Tenere aperte le scuole pubbliche d’estate è un esperimento essenziale. Lo è per diversi motivi. In primo luogo la scuola pubblica deve abbandonare il ruolo di luogo di mero parcheggio dei ragazzi e divenire una istituzione al servizio delle famiglie. Tenerle aperte nei mesi estivi significa usare i plessi scolastici e far lavorare, pagandoli a parte, docenti e personale scolastico. Una occasione di mettere le famiglie in condizione di ricevere un supporto importante e moderno, in linea con i nuovi comportamenti degli italiani. Tante famiglie non passano più interi mesi in vacanza e tante coppie lavorano nei mesi estivi senza sapere dove appoggiarsi per gestire i ragazzi. Le alternative, che restano, sono spesso costose o lontane e si presentano come un necessario ulteriore sacrificio per le famiglie atomizzate, ovvero quei nuclei familiari che non hanno una rete familiare ampia a cui appoggiarsi per gestire nei mesi estivi il tempo dei figli.
Il fatto che Stato non se ne occupasse non era un bel segnale. Anzi, vedere le scuole vuote ed i ragazzi senza supporto in una società in cui al massimo si posso avere due o tre settimane di ferie lasciava intendere che il messaggio fosse solo quello di arrangiarsi. E perciò laddove si potrà avere questa opportunità darà di sicuro un aiuto. Inoltre l’uso delle scuole, come edifici, ed il fatto di offrire un’occupazione ed un reddito aggiuntivo a chi se ne occuperà ha un alto valore simbolico. Ovvero dire che la scuola non è solo il luogo in cui si tiene lezione, ma un sito in cui le famiglie trovano risposte ai loro bisogni per i ragazzi.

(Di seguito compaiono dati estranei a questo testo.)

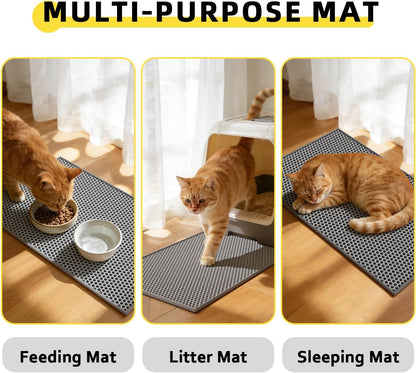 Cat Litter Mat, 15"X24" Small Double Layer Litter Trapping Mat, Waterproof/Urineproof, Easy to Clean Kitty Litter Mats for Floor, Scatter Control (Grey-1Pack)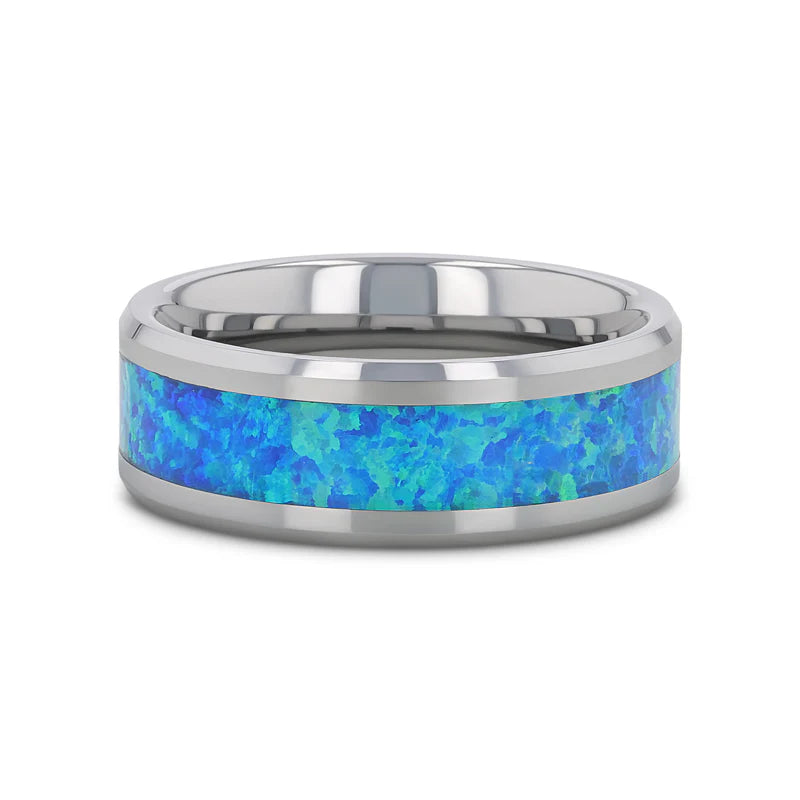 Quasar Tungsten Wedding Band with Blue Green Opal Inlay 8mm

Di certo i dubbi se l’esperimento riuscirà e se i servizi saranno all’altezza è lecito. Così come il dubbio se si sia o meno in grado, in molte aree del Paese, di tenere aperte le scuole d’estate quando neppure di inverno a volte funzionano. Sicuramente la scuola soffre di abbandono da decenni e merita altre risorse aggiuntive per fare tante cose. Ma il fatto che sia rimasta immutabile negli anni la gestione del calendario scolastico, come quando c’erano le vacanze di tre mesi e le famiglie ampie con nonni e zii disponibili è stato un grave errore per le neo-famiglie, che si sono ritrovare una società diversa da quella che li ha cresciuti e con servizi assenti rispetto alle loro esigenze.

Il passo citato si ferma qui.